MALARIA PERDHAKI–BOVEN DIGOEL. Perhimpunan Karya Dharma Kesehatan Indonesia (Perdhaki) melalui Sub Recipient Keuskupan Agung Merauke (SR KAMe) menyelenggarakan Pelatihan Kader Malaria bagi calon kader di wilayah SSR Mindiptana dan SSR Mindiptana 2.
Kegiatan ini berlangsung selama lima hari, pada 1–5 Desember 2025, sebagai bagian dari upaya memperkuat percepatan eliminasi malaria di Kabupaten Boven Digoel.
Pelatihan ini bertujuan membekali para kader dengan pengetahuan dan keterampilan dalam memberikan layanan serta edukasi malaria secara terintegrasi di wilayah kerja masing-masing. Fokus utama kegiatan diarahkan pada peningkatan kapasitas dan keterampilan kader agar mampu menjadi garda terdepan dalam pencegahan dan pengendalian malaria di tingkat komunitas.
Pelatihan Kader Malaria ini secara resmi dibuka oleh Staf Ahli Bupati Bidang Ekonomi dan Keuangan, Jefri Niharua. Dalam sambutannya, ia menegaskan bahwa malaria masih menjadi tantangan serius bagi masyarakat Papua, termasuk di Kabupaten Boven Digoel yang berdasarkan data nasional masih menjadi salah satu penyumbang kasus malaria tertinggi di Provinsi Papua Selatan.
“Apresiasi dan terima kasih kepada Perdhaki atas penyelenggaraan pelatihan ini, kader malaria memegang peranan strategis sebagai ujung tombak dalam upaya meminimalisir hingga meniadakan malaria di daerah,” kata Jefri dalam sambutannya.

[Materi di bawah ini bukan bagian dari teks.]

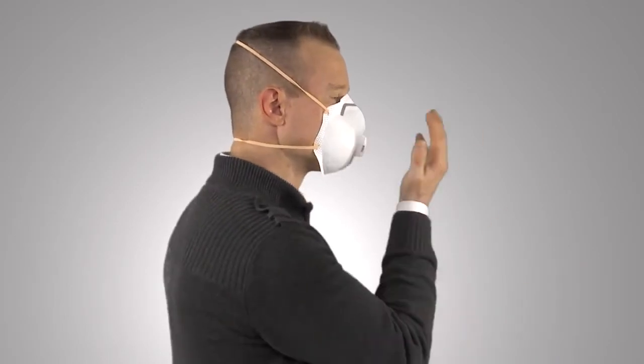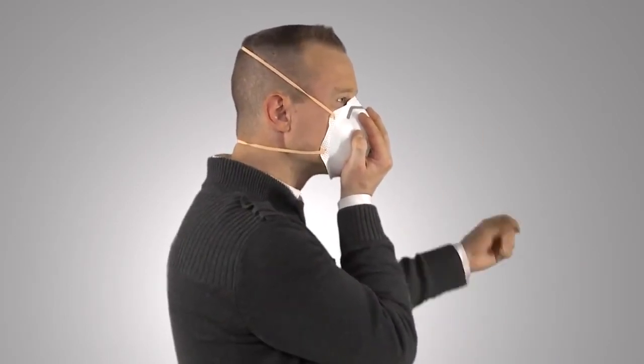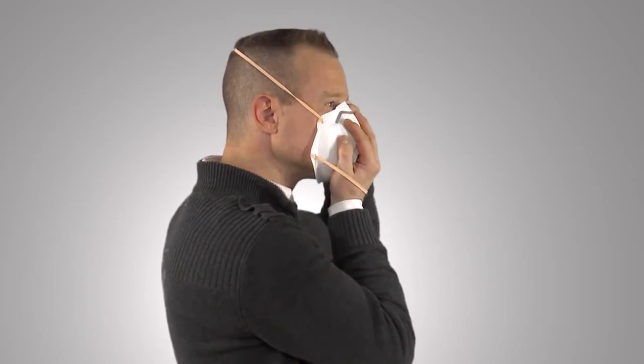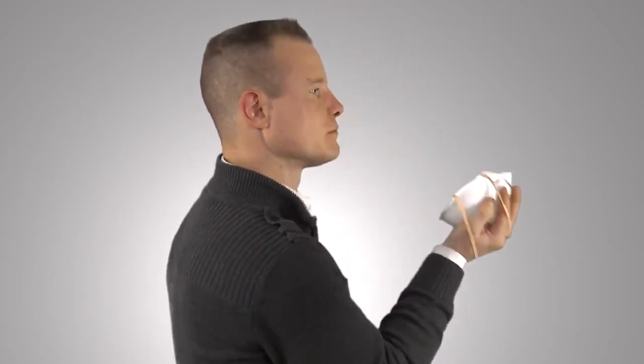After use, to properly remove the respirator: First, cup the respirator in your hand to maintain its position on your face. Second, pull the bottom strap up over your head. Third, still holding the respirator in position, pull the top strap over your head and remove the respirator.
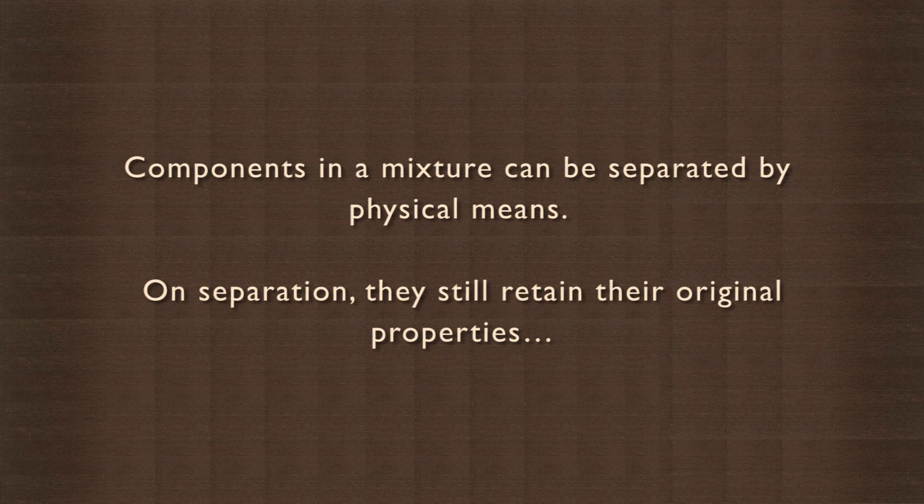Components in a mixture can be separated by physical means. On separation, they still retain their original properties. What method do you think we should use to extract the salt from the salt water mixture?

Lebih lanjut, ia berharap para kader dapat mengikuti seluruh rangkaian pelatihan dengan baik agar mampu menjalankan perannya secara optimal di masyarakat. Ia juga mendorong agar dana kampung yang tersedia dapat dimanfaatkan, termasuk menyisihkan sebagian untuk pembangunan sumber daya manusia, khususnya mendukung peran kader malaria di kampung-kampung.
Program Manager SSR Mindiptana 2, Bonefasius Bera Kleor, menyampaikan gambaran umum mengenai Perdhaki serta berbagai program percepatan eliminasi malaria yang telah dan sedang dijalankan melalui SR dan SSR, khususnya di wilayah timur Indonesia.
“Pelatihan ini menjadi bagian penting dari strategi penguatan sumber daya manusia kesehatan di Kabupaten Boven Digoel,” ujar Bonefasius.
Sebanyak 25 peserta mengikuti pelatihan ini, yang terdiri dari 7 PKM di wilayah kerja SSR Mindiptana dan SSR Mindiptana 2. Rinciannya, wilayah kerja SSR Mindiptana diikuti oleh 15 kader dan 1 pendamping, sementara wilayah kerja SSR Mindiptana 2 diikuti oleh 9 kader. Kegiatan ini dapat terlaksana berkat dukungan pendanaan dari Global Fund (GF).
Pada hari kelima, para kader melaksanakan praktik lapangan di Kampung Sokanggo melalui kegiatan kunjungan rumah ke warga. Sebelum pelaksanaan kunjungan, Kepala Kampung dan aparat kampung menyambut para kader dengan baik. Dalam sambutannya, pemerintah kampung menyampaikan apresiasi dan terima kasih kepada Perdhaki karena telah menjadikan Kampung Sokanggo sebagai lokasi percontohan, serta berharap keberadaan kader malaria dapat berkontribusi menurunkan kasus malaria di kampung tersebut. Para kader kemudian dibagi ke dalam tiga RT untuk melaksanakan kunjungan rumah dan edukasi kepada masyarakat.
Melalui pelatihan ini, Perdhaki berharap kader malaria di wilayah SSR Mindiptana dan SSR Mindiptana 2 semakin siap dan berdaya dalam mendukung upaya eliminasi malaria, khususnya di Kabupaten Boven Digoel, menuju masyarakat yang lebih sehat dan bebas malaria.